Yuskavage has stepped up her game, producing a body (no pun intended) of work that reads like an abbreviated questionnaire of our own pleasure preferences, with every element thrown into question. The results are often surprising and, to Yuskavage's credit, derive squarely from the lure of painting instead of the subject matter.
Travellers frames a Brobdingnagian, sand-colored, big-breasted woman silhouetted by the tawny sky of a warm-weather mountain sunset, making a direct connection between body and landscape. On the left, a trickle of spectral tourists trudges across a low wooden bridge that traverses a river cutting through the middle of the scene. They seem oblivious to, or perhaps exist on a different metaphysical plane than, the bouquet-wielding, foregrounded giantess, whose wisps of hair dance and curl before snatches of thin clouds. The tourists could just as easily be walking directly into her eye-level vagina. While deliciously rendered, the central figure is uncomfortably large, deflated and off-putting. She sits slumped and resigned.

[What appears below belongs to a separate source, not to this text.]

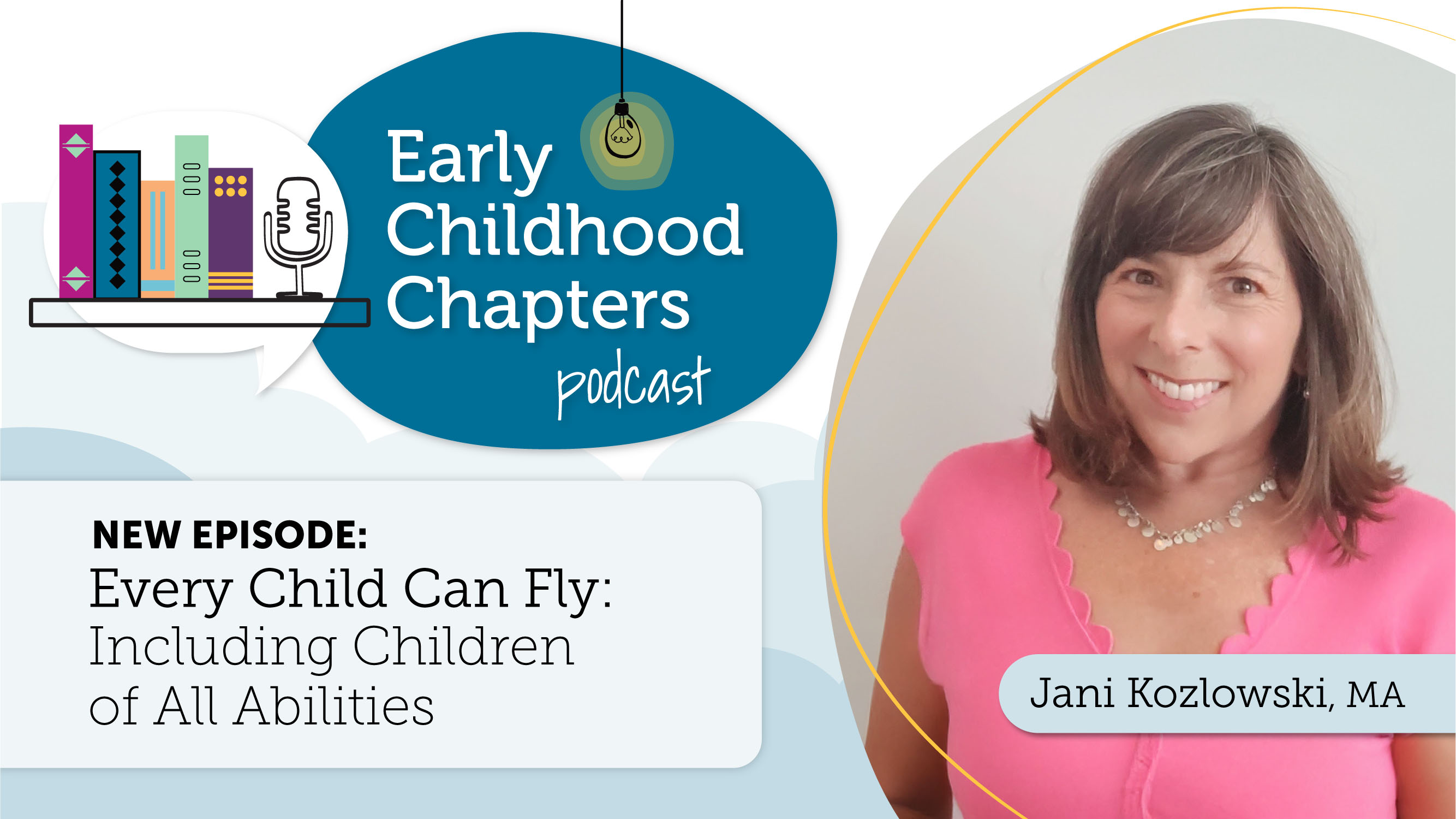 Every Child Can Fly: Including Children of All Abilities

In Yuskavage's previous show at Zwirner in 2006, one brilliant work, Persimmons, seemed lit from within. Nearly every painting in this exhibition fits that description. While the hues are slightly more subdued this time, they are worlds more complex than in Yuskavage's earlier work. In this respect, other standouts, besides Travellers, include Snowman and The Smoker. More than most elements in her painting, the successful use of color elicits a visceral reaction, and Yuskavage's astute employment of it makes one swoon even in the face of insalubrious or even neutral subject matter. The impassive features of the titular nude in The Smoker are so slight as to teeter on erasure; yet the deep emerald blanketing the piece evokes a mood, an atmosphere to be penetrated, like walking through the penumbral glow of a rainforest's undergrowth. How often does one see such green in a painting? Similarly, Snowman's icy-gray winterscape is laced with fiery tangerine, but still chills to the bone.
There are other leitmotifs that pop up repeatedly in this show: Naked babies are on the loose, as are the stark branches of bare trees zigzagging across windswept skies. For all these concrete touches, there is a noticeable move toward abstraction, precisely through an increased reliance on the intricacies of landscape. Cairns pile up in towering, precarious monuments that loom with anthropomorphic urgency, and Yuskavage often sets the tone for her outdoor settings with washy cloud treatments reminiscent of Turner's roiling heavens or the calmer swaths of the Hudson River School. When a figure does feature prominently, her countenance is often obscured by a new element–a pie in the face. Human representation is repeatedly thwarted by obfuscation, or overpowered by nature.
Yuskavage's work is undergoing a curious progression that can best be described as following an inverse course. While her compositions are increasingly laden with detail, and the descriptive train each one trails appears longer and longer, it's becoming more difficult to draw a coherent story from her figurations. At the same time, the cinematic quality of her works and the appeal of their color and painting technique is greater than ever. As logic gently separates itself from the skeleton of her narrative structure, it's as if the individual pieces are emerging more crisply delineated from a representational standpoint, while withdrawing into the mysterious alchemy of painting with a capital p.